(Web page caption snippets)
- - - -

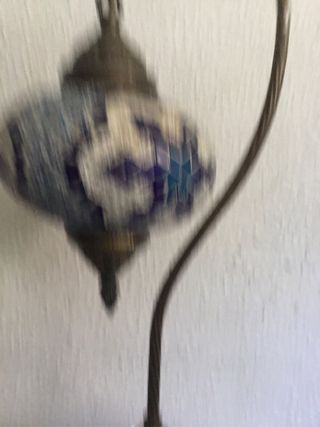 Lámpara de mosaico azul y plateada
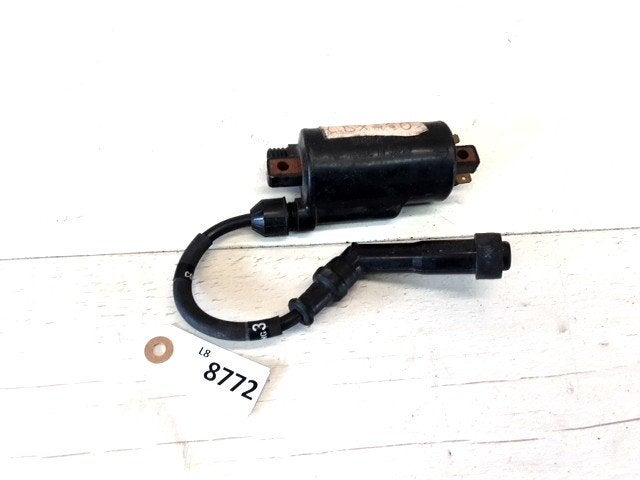 CBX550F 1982 - 1986 Honda Bobijn bougiekop D1-52225, Motoren
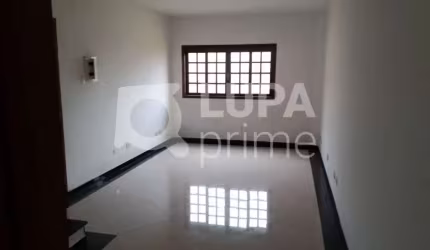 Casa térrea à venda na Vila Medeiros!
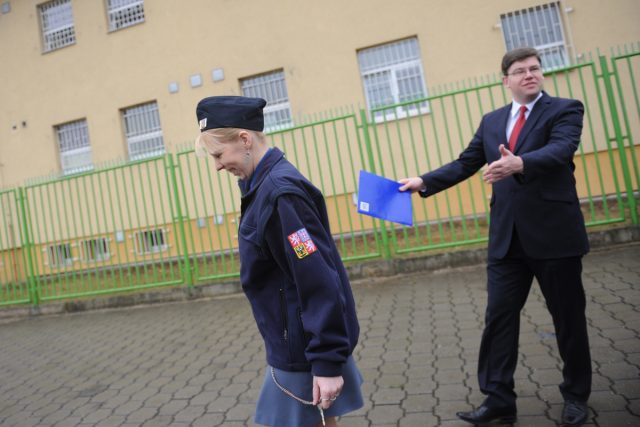 U otevření nové věznice ve Velkých Přílepech byl i ministr spravedlnosti Jiří Pospíšil | foto: Filip Jandourek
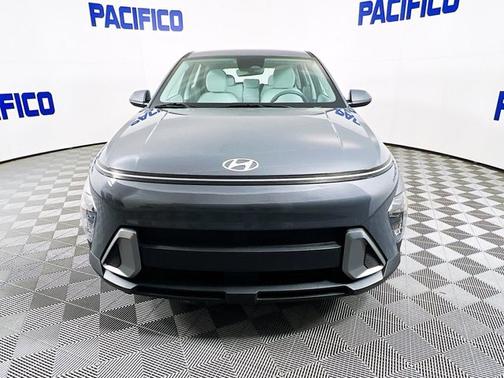 2025 Hyundai KONA SE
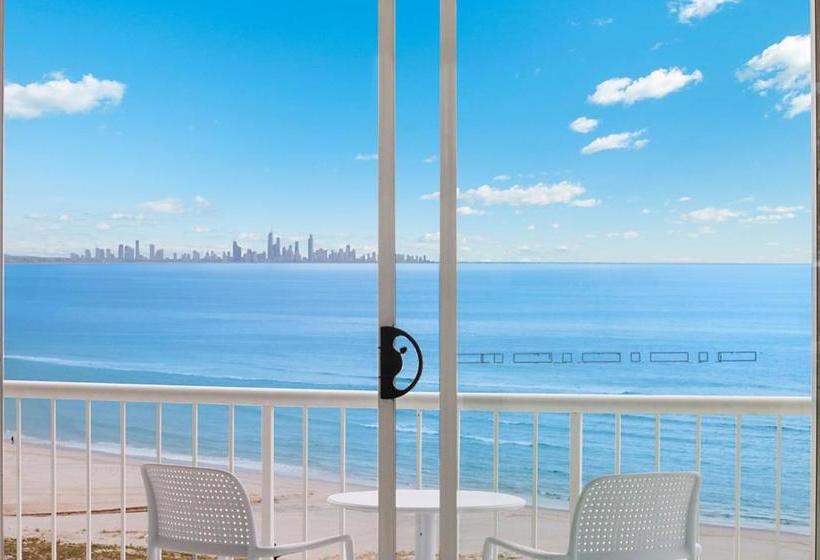 هتل Meridian Tower Kirra Beach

- - - -

- _What you will do_:
Print, exactly and only, the lines running from the line with "CBX550F 1982 - 1986" through the last line of the data, including both. Skip any picture.

- _Response_:
 CBX550F 1982 - 1986 Honda Bobijn bougiekop D1-52225, Motoren
 Casa térrea à venda na Vila Medeiros!
 U otevření nové věznice ve Velkých Přílepech byl i ministr spravedlnosti Jiří Pospíšil | foto: Filip Jandourek
 2025 Hyundai KONA SE
 هتل Meridian Tower Kirra Beach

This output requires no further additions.